33 F.4th 600
1st Cir.2022Background
- Debtor Brian W. Coughlin took a payday loan from Lendgreen, a wholly owned subsidiary of the Lac Du Flambeau Band, and later filed a Chapter 13 petition listing Lendgreen as an unsecured creditor.
- The Bankruptcy Code automatic stay (11 U.S.C. § 362) barred collection outside the bankruptcy, but Lendgreen continued direct collection contacts.
- Coughlin moved in bankruptcy court to enforce the automatic stay and to recover damages under § 362(k); the Band asserted tribal sovereign immunity and the bankruptcy court dismissed the enforcement action.

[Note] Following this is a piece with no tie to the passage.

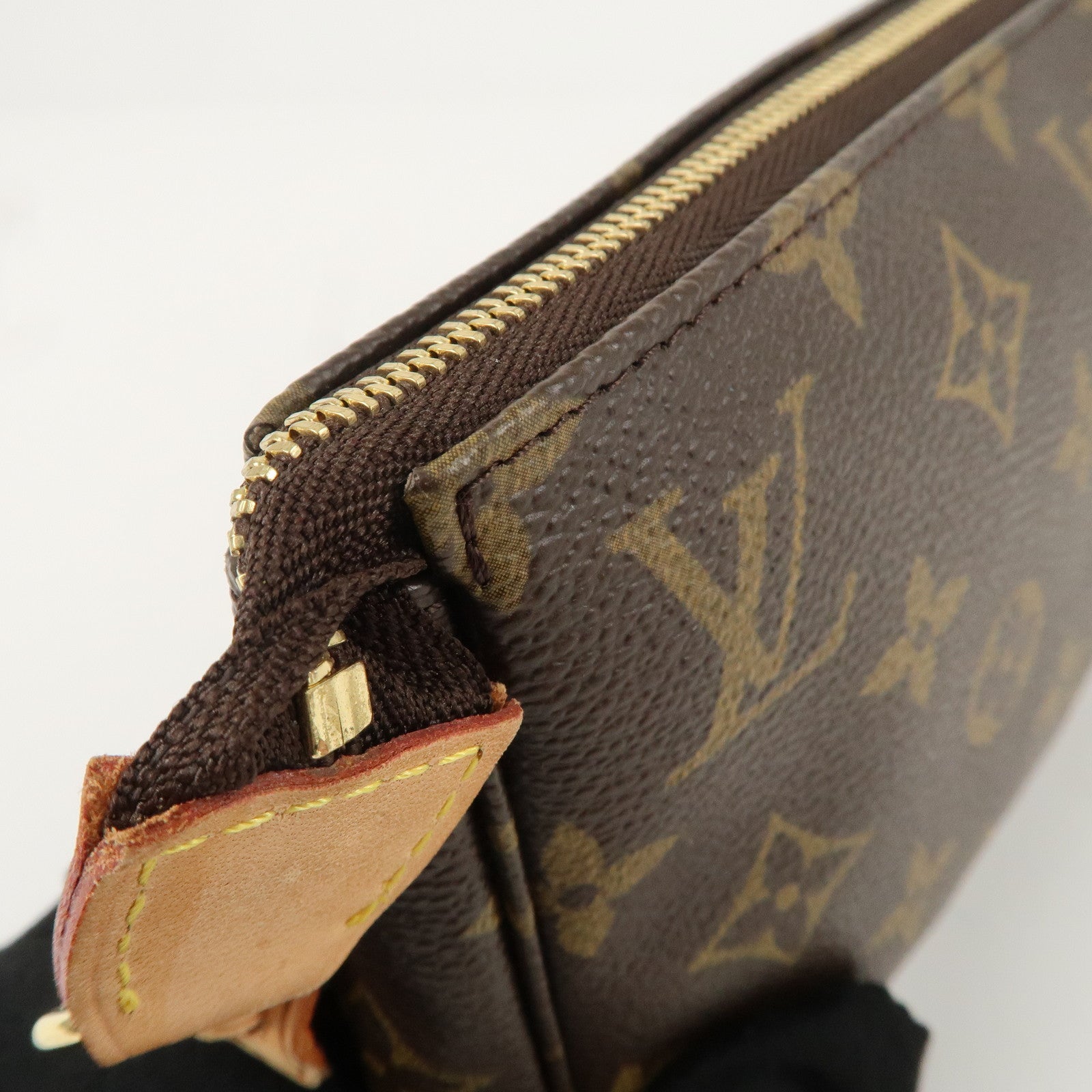 Louis Vuitton Monogram Pochette Accessoires Pouch M51980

- First Circuit granted direct appeal and considered whether the Bankruptcy Code abrogates tribal sovereign immunity.
- The panel concluded § 106(a) (enacted 1994) unequivocally abrogates sovereign immunity for "governmental unit[s]," and that § 101(27) (1978) defines "governmental unit" to include tribes as "domestic" governments; it reversed the bankruptcy court and remanded.
Issues
| Issue | Plaintiff's Argument | Defendant's Argument | Held |
|---|---|---|---|
| Whether the Bankruptcy Code abrogates tribal sovereign immunity | Coughlin: §106(a) "notwithstanding" language abrogates immunity as to listed Code provisions, and "governmental unit" includes tribes | Band: Congress must clearly name tribes; §101(27) does not expressly mention tribes so abrogation is not unequivocal | Court: §106(a) plus §101(27) definition yields unequivocal abrogation; tribes are "domestic government[s]" and §106 abrogates immunity |
| Whether the term "other foreign or domestic government" in §101(27) includes tribes | Coughlin: tribes are governments and "domestic dependent nations"—thus domestic governments under ordinary meaning and historical context | Band: residual phrase plausibly excludes tribes; Congress omitted "tribe" intentionally; interpretive canons favor tribes where ambiguous | Court: ordinary meaning, historical usage, statutory structure, and benefits conferred on governmental units support inclusion of tribes |
| Role of interpretive canons and legislative history | Coughlin: no magic-words rule required; Cooper forbids requiring explicit "tribe" word; legislative silence cannot create ambiguity where text is clear | Band: Indian canons and expressio unius support exclusion; legislative silence significant; Congress has explicitly named tribes elsewhere | Court: Indian canons apply only if statute ambiguous; text is unambiguous (per court) and Cooper prohibits a magic-words requirement |
| Practical effect / remedies (automatic stay enforcement) | Coughlin: entitlement to enforce stay and recover damages under §362(k) against creditor arm of tribe | Band: immunity bars in-personam relief and damages claims | Court: abrogation permits enforcement of automatic stay and damages remedy; remanded for further proceedings |
Key Cases Cited
- Michigan v. Bay Mills Indian Cmty., 572 U.S. 782 (2014) (describing tribal sovereign immunity and clear-statement abrogation rule)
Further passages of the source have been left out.